_What needs to be done_
In the copy, every line of the material that follows must appear exactly, and no pictures should.

_Data extract_
--
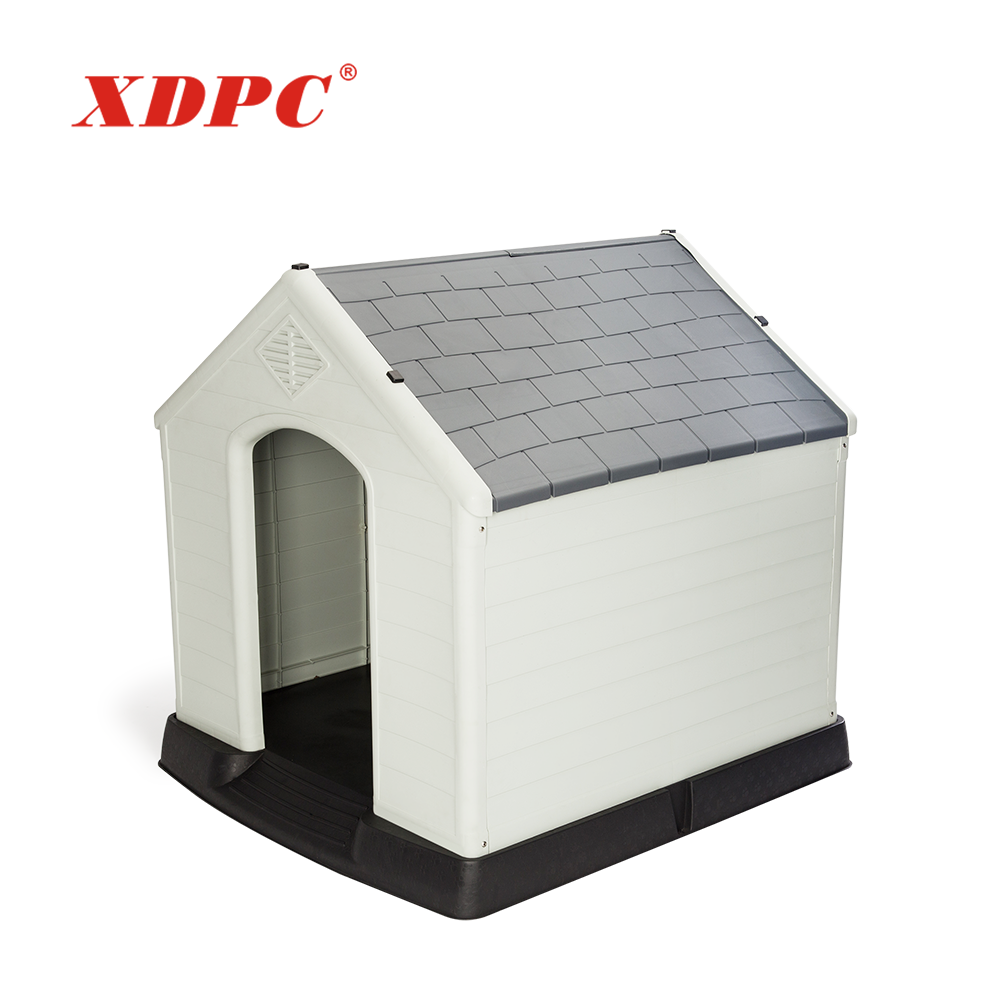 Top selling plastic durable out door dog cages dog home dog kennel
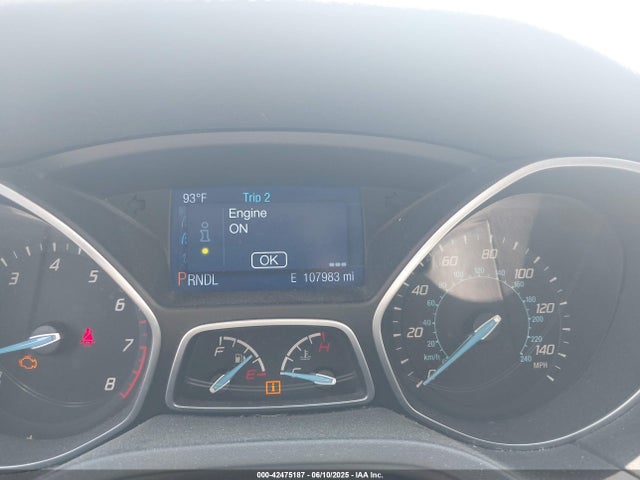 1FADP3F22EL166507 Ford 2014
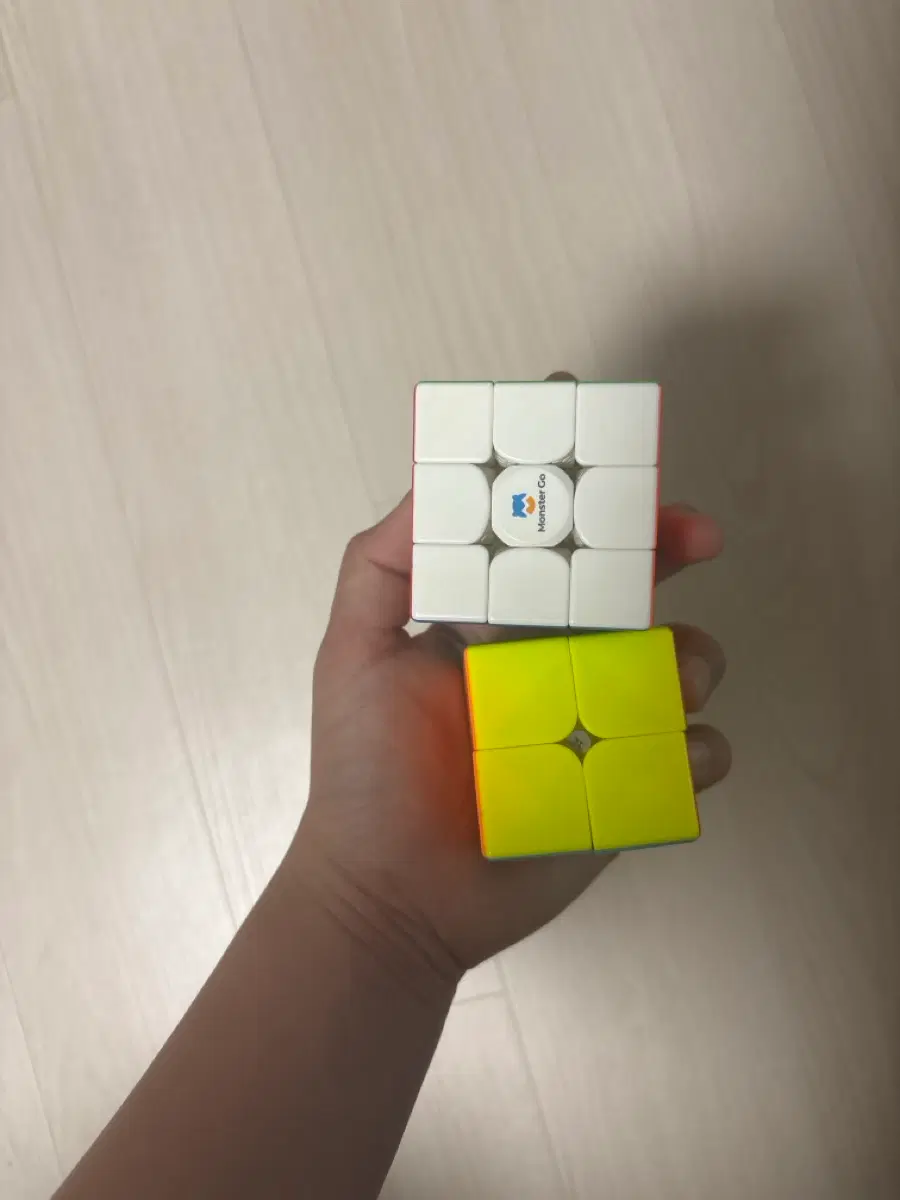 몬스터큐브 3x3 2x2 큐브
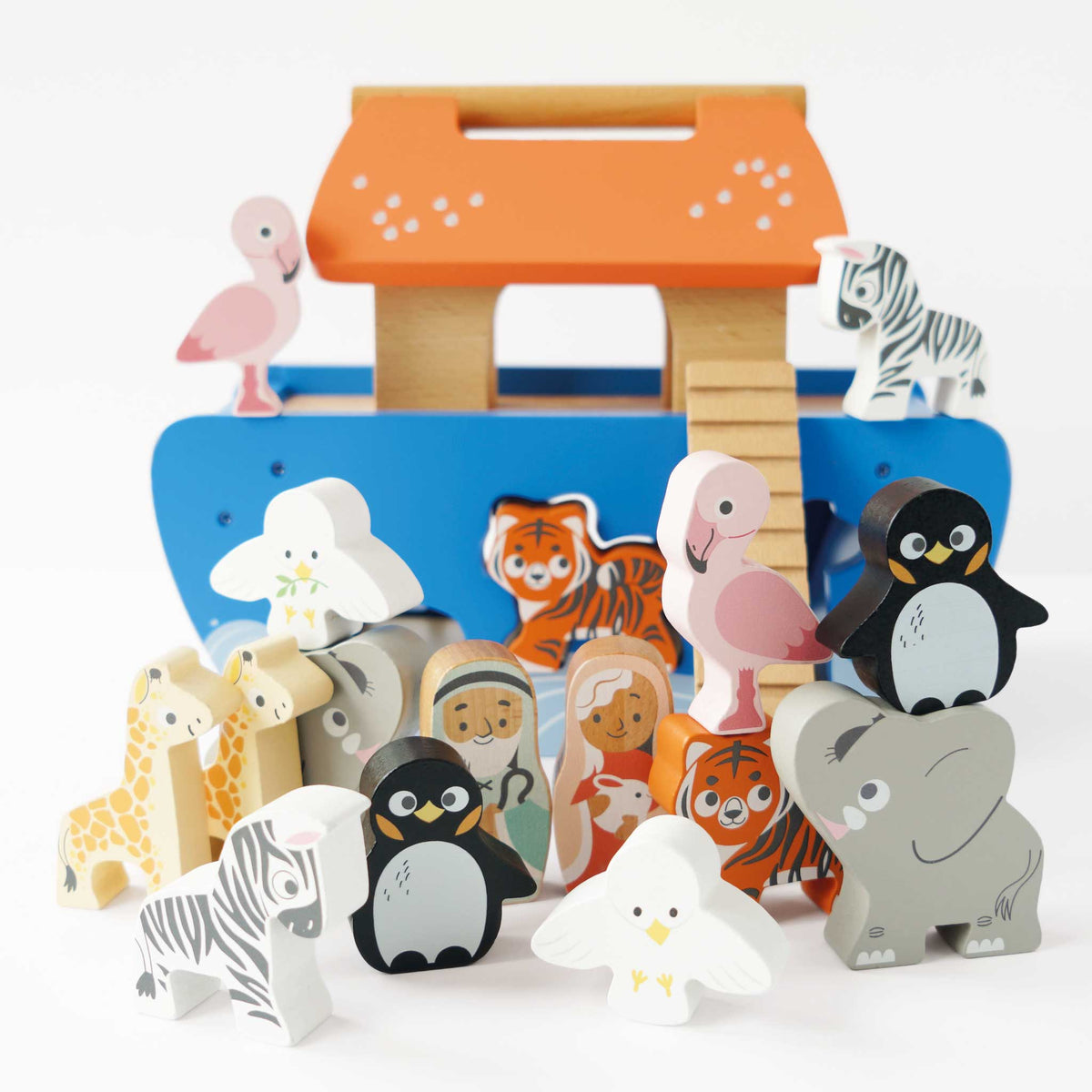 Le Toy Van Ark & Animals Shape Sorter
--
_Result_
 Top selling plastic durable out door dog cages dog home dog kennel
 1FADP3F22EL166507 Ford 2014
 몬스터큐브 3x3 2x2 큐브
 Le Toy Van Ark & Animals Shape Sorter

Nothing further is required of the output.